P A R T I I—P U B L I C C O M P A N Y V A L U A T I O N S
In general, the specialty chemical industry is highly fragmented with a large number of
private companies holding a significant share in particular market sectors. This holds true
for most of the seven sectors we focus on in this report. In addition to these private
companies, there are a significant number of publicly traded specialty chemical companies.
These companies range from smaller, focused companies, such as H.B. Fuller with less than
$850 million in market capitalization, to large, diversified companies, such as EI DuPont
de Nemours, which exceeds $44 billion in market capitalization. For analysis purposes, we
have divided the public companies into categories based on their product portfolio and
business strategy. These categories include our seven focus segments, as well as a category
for diversified and other specialty manufacturers. The diversified category includes
companies that sell a variety of different specialties and have at least one product category
that fits into our focus sectors. The other specialty manufacturers category includes a
group of companies that produce specialty chemicals that primarily fall outside of our core
focus segments. The companies are classified in this manner in order to emphasize the
difference in valuation and profitability inherent in different sectors of the industry.
Exhibit IV
PROFITABILITY
LTM Financial Summary
Gross Operating EBITDA Net
Industry Margin Margin Margin Margin
Diversified Mean 27.9% 8.2% 14.6% 4.2%
Median 29.4% 7.8% 15.0% 5.5%
Adhesives & Sealants Mean 29.2% 7.2% 11.2% 4.1%
Median 29.2% 7.2% 11.2% 4.1%
Agricultural Chemicals Mean 25.3% 9.6% 16.4% 3.6%
Median 26.9% 10.6% 17.4% 4.2%
Electronic Chemicals Mean 35.2% 11.7% 18.6% 6.2%
Median 29.4% 11.6% 17.7% 5.5%
I & I Cleaners Mean 46.1% 9.1% 13.6% 4.7%
Median 46.1% 9.1% 13.6% 4.7%
Paints & Coatings Mean 35.5% 9.8% 14.2% 5.0%
Median 34.5% 10.4% 13.5% 5.7%
Plastic Additives Mean 28.0% 7.6% 13.9% 4.3%
Median 24.4% 9.2% 14.8% 5.7%
Water Treatment Chemicals Mean 25.5% 5.9% 9.1% 2.7%
Median 24.4% 3.8% 9.1% 2.0%
Other Specialties Mean 26.7% 8.0% 12.2% 4.8%
Median 25.7% 7.7% 12.2% 4.8%
1
ACC Composite Mean 8.8% 16.9%
1
American Chemistry Council 2002 estimates for specialty chemical industry profitability
Note: Analysis as of 12/12/03. Overall mean and median figures are calculated counting all companies once.

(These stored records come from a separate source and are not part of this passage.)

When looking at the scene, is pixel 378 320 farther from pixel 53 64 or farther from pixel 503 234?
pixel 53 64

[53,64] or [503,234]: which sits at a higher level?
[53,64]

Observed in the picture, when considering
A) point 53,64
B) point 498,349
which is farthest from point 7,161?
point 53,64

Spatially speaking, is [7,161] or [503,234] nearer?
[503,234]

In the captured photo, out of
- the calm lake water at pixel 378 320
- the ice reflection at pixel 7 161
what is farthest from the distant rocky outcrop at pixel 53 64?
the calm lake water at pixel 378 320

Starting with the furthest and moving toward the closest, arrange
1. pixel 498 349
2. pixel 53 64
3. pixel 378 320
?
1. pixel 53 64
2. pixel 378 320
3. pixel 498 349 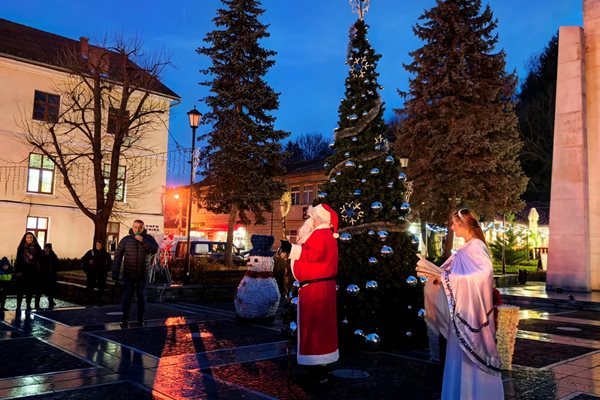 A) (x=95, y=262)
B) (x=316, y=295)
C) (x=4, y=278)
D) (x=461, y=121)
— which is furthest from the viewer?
(x=461, y=121)

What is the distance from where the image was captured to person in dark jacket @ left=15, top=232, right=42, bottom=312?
1200 cm

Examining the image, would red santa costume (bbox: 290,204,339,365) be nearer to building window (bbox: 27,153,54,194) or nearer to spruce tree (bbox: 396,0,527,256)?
spruce tree (bbox: 396,0,527,256)

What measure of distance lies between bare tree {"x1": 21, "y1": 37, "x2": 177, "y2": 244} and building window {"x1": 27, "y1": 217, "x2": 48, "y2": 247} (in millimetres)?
1974

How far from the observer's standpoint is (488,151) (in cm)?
2570

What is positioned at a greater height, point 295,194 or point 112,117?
point 112,117

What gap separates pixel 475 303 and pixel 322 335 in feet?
7.52

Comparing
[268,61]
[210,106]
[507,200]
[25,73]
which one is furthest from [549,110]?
[25,73]

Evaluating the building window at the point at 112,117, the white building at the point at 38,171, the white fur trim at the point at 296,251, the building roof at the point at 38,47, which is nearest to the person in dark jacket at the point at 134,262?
the white fur trim at the point at 296,251

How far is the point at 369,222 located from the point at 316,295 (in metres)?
2.65

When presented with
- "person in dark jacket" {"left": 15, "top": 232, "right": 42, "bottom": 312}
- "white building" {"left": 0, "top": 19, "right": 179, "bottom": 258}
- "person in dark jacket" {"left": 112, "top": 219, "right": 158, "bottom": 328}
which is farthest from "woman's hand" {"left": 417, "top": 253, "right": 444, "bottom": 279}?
"white building" {"left": 0, "top": 19, "right": 179, "bottom": 258}

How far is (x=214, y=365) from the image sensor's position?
6832 millimetres

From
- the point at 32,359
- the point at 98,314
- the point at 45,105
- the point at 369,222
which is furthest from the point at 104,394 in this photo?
the point at 45,105

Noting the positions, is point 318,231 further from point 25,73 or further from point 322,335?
point 25,73

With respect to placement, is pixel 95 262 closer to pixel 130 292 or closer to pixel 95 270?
pixel 95 270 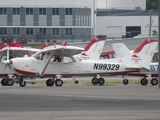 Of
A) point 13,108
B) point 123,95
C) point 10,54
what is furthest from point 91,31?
point 13,108

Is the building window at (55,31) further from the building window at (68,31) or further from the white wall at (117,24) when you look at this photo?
the white wall at (117,24)

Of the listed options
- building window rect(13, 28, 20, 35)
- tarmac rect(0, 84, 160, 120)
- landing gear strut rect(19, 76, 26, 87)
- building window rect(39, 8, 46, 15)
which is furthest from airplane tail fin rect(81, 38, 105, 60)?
building window rect(13, 28, 20, 35)

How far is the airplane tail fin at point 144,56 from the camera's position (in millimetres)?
39156

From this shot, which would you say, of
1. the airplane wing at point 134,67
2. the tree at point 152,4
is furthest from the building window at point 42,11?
the airplane wing at point 134,67

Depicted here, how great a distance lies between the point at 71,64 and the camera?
38250mm

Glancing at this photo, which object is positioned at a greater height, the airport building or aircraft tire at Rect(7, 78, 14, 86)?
the airport building

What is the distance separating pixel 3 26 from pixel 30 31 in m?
3.35

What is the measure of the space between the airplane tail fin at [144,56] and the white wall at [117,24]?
48.9 metres

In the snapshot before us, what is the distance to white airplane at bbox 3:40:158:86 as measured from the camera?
37.2 metres

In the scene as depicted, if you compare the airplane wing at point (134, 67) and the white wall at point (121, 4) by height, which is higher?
the white wall at point (121, 4)

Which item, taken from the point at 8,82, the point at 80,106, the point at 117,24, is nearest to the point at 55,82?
the point at 8,82

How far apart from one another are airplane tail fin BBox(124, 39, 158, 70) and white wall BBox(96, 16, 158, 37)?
160 feet

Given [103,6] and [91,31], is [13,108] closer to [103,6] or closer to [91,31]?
[91,31]

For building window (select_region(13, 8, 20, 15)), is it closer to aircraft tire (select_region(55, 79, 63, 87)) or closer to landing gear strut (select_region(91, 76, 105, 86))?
landing gear strut (select_region(91, 76, 105, 86)) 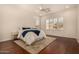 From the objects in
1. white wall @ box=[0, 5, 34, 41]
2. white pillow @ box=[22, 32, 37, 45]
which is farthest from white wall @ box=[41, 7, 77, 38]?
white wall @ box=[0, 5, 34, 41]

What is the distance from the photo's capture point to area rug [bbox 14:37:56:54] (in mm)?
1388

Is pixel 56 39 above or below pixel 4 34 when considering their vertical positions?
below

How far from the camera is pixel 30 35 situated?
1452 mm

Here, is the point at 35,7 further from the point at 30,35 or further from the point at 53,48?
the point at 53,48

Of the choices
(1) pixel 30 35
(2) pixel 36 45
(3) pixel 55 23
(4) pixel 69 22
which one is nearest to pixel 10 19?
(1) pixel 30 35

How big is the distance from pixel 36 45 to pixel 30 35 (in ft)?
0.63

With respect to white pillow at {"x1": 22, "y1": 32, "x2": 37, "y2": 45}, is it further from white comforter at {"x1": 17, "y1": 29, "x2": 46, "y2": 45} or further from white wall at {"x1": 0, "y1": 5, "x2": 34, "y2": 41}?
white wall at {"x1": 0, "y1": 5, "x2": 34, "y2": 41}

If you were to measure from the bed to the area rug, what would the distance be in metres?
0.05

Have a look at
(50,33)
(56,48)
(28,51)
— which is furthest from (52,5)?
(28,51)

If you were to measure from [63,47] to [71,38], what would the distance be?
0.64ft

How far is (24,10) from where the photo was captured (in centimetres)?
143

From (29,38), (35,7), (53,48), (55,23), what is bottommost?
(53,48)

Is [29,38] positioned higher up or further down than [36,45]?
higher up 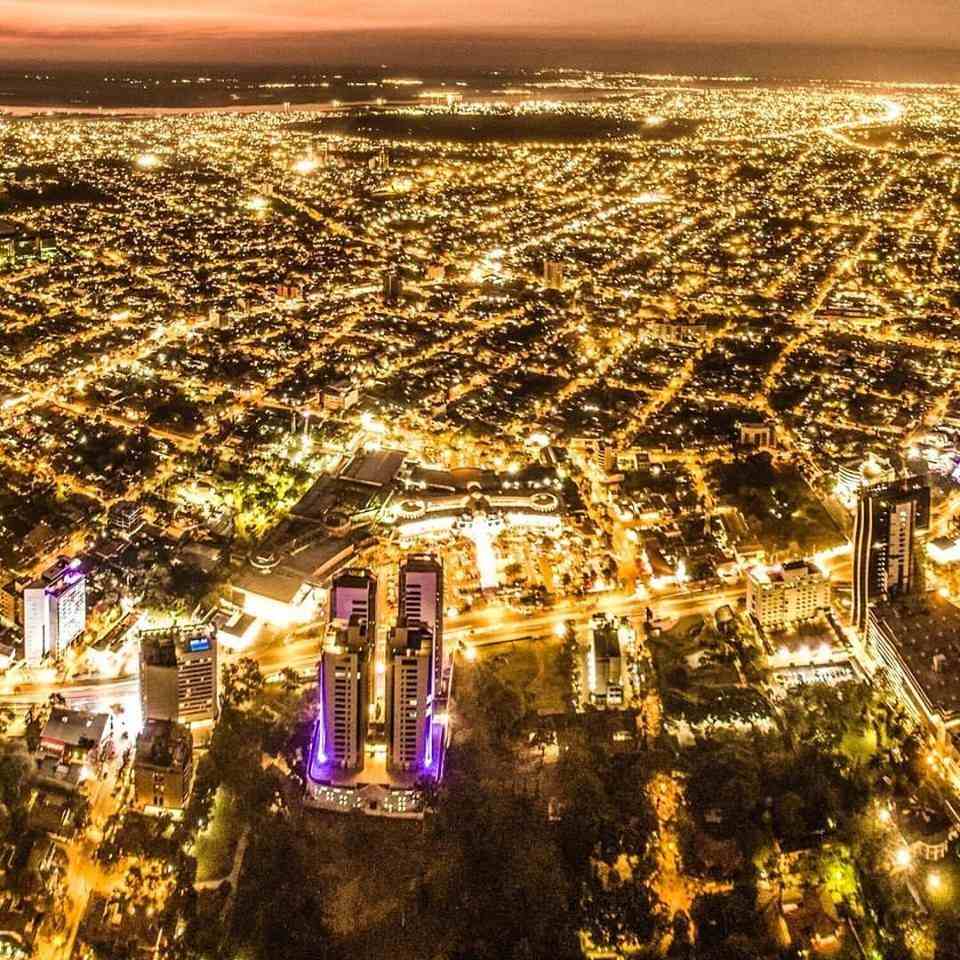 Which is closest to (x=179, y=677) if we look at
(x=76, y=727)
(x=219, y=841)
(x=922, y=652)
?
(x=76, y=727)

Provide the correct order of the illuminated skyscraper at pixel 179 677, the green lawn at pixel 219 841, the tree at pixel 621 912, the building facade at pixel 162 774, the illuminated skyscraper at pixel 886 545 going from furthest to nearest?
the illuminated skyscraper at pixel 886 545
the illuminated skyscraper at pixel 179 677
the building facade at pixel 162 774
the green lawn at pixel 219 841
the tree at pixel 621 912

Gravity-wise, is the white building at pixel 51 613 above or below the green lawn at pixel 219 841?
above

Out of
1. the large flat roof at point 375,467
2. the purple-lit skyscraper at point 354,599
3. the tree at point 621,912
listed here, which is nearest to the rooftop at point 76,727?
the purple-lit skyscraper at point 354,599

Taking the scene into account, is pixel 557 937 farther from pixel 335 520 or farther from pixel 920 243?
pixel 920 243

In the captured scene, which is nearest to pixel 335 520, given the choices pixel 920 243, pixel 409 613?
pixel 409 613

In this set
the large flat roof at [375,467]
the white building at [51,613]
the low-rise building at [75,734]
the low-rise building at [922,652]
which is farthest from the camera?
the large flat roof at [375,467]

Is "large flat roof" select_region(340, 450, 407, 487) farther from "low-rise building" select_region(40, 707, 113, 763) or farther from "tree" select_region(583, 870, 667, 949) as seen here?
"tree" select_region(583, 870, 667, 949)

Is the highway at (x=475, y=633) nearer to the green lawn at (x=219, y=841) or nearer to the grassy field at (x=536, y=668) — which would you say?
the grassy field at (x=536, y=668)

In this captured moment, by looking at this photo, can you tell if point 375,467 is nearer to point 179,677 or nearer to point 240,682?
point 240,682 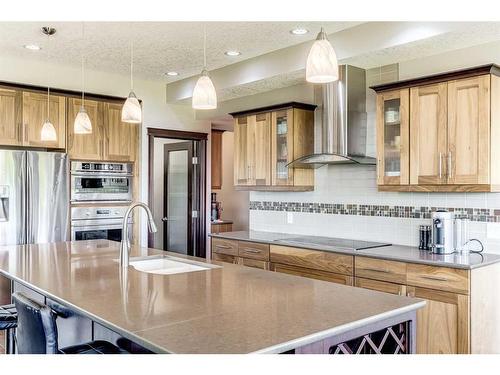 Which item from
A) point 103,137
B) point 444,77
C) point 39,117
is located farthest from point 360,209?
point 39,117

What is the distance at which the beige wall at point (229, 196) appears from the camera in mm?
8141

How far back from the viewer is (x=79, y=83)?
5.35m

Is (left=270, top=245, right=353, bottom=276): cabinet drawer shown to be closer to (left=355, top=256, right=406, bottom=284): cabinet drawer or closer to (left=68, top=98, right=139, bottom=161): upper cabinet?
(left=355, top=256, right=406, bottom=284): cabinet drawer

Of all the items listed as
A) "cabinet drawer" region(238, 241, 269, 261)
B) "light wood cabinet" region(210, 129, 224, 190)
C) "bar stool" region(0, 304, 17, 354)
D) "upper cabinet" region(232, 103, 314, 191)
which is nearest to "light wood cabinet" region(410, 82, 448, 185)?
"upper cabinet" region(232, 103, 314, 191)

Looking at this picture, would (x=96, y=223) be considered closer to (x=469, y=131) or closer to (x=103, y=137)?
(x=103, y=137)

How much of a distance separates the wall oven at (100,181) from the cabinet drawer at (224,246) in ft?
4.24

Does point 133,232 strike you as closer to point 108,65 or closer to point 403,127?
point 108,65

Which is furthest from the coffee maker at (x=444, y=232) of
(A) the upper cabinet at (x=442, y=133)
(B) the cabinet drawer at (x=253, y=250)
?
(B) the cabinet drawer at (x=253, y=250)

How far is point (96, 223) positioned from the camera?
5312 millimetres

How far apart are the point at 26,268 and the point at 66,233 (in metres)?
2.42

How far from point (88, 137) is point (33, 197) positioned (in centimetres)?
88

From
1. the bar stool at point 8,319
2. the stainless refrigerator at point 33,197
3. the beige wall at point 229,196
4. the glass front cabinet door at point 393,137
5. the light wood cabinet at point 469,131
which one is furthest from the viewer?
the beige wall at point 229,196

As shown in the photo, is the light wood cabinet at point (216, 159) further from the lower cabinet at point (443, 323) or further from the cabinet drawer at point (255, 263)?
the lower cabinet at point (443, 323)

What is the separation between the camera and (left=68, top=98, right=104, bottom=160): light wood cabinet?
511 cm
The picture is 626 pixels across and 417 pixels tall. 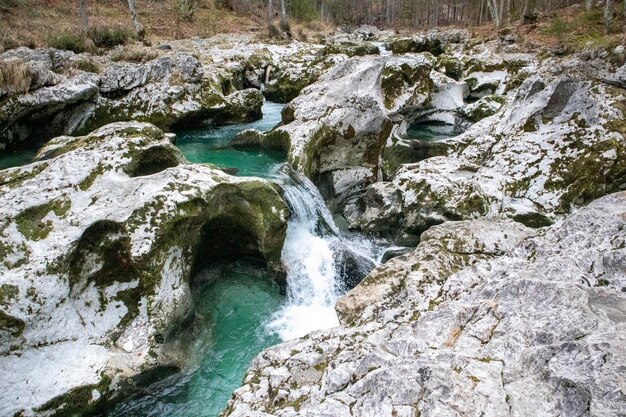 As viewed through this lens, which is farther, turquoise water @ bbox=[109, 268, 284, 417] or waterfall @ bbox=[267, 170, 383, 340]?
waterfall @ bbox=[267, 170, 383, 340]

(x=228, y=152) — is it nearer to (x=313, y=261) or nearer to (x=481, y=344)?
(x=313, y=261)

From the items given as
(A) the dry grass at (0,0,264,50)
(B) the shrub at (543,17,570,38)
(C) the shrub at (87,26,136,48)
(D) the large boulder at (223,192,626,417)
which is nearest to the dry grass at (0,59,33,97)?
(A) the dry grass at (0,0,264,50)

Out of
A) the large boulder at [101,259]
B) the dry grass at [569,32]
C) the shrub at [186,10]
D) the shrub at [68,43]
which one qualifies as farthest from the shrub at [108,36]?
the dry grass at [569,32]

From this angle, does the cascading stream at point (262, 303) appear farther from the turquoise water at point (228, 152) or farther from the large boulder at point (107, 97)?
the large boulder at point (107, 97)

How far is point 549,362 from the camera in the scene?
381 centimetres

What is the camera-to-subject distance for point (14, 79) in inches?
533

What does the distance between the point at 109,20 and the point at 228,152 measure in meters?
29.8

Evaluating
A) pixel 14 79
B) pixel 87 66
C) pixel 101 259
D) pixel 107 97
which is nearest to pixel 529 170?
pixel 101 259

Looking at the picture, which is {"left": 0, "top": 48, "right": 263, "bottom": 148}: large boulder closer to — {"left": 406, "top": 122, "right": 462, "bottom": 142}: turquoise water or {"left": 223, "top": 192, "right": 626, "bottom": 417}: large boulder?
{"left": 406, "top": 122, "right": 462, "bottom": 142}: turquoise water

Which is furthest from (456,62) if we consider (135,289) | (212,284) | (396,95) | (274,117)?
(135,289)

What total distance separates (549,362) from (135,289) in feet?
22.4

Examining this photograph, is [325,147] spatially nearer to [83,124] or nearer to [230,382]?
[230,382]

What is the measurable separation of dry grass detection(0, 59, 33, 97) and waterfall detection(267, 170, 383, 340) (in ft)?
31.0

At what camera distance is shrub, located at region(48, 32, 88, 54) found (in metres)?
22.5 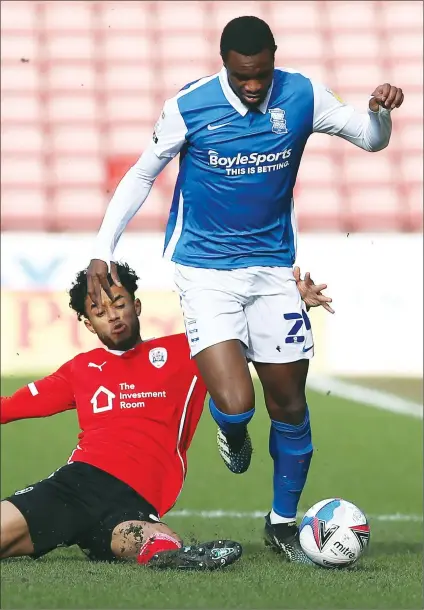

Source: Piper Jaffray estimates and company reports
There is a noticeable difference in profitability between the various groups. Overall, the
electronic chemicals group generated the highest mean and median operating margins with
11.7% and 11.6%, respectively. The group's median margin is approximately 120 basis
points higher than that of the paints and coatings group and almost 800 basis points above
the lowest group, water treatment chemicals. This difference is attributable to a number of
factors, including the competitive structure of the industries and the relative "value-add"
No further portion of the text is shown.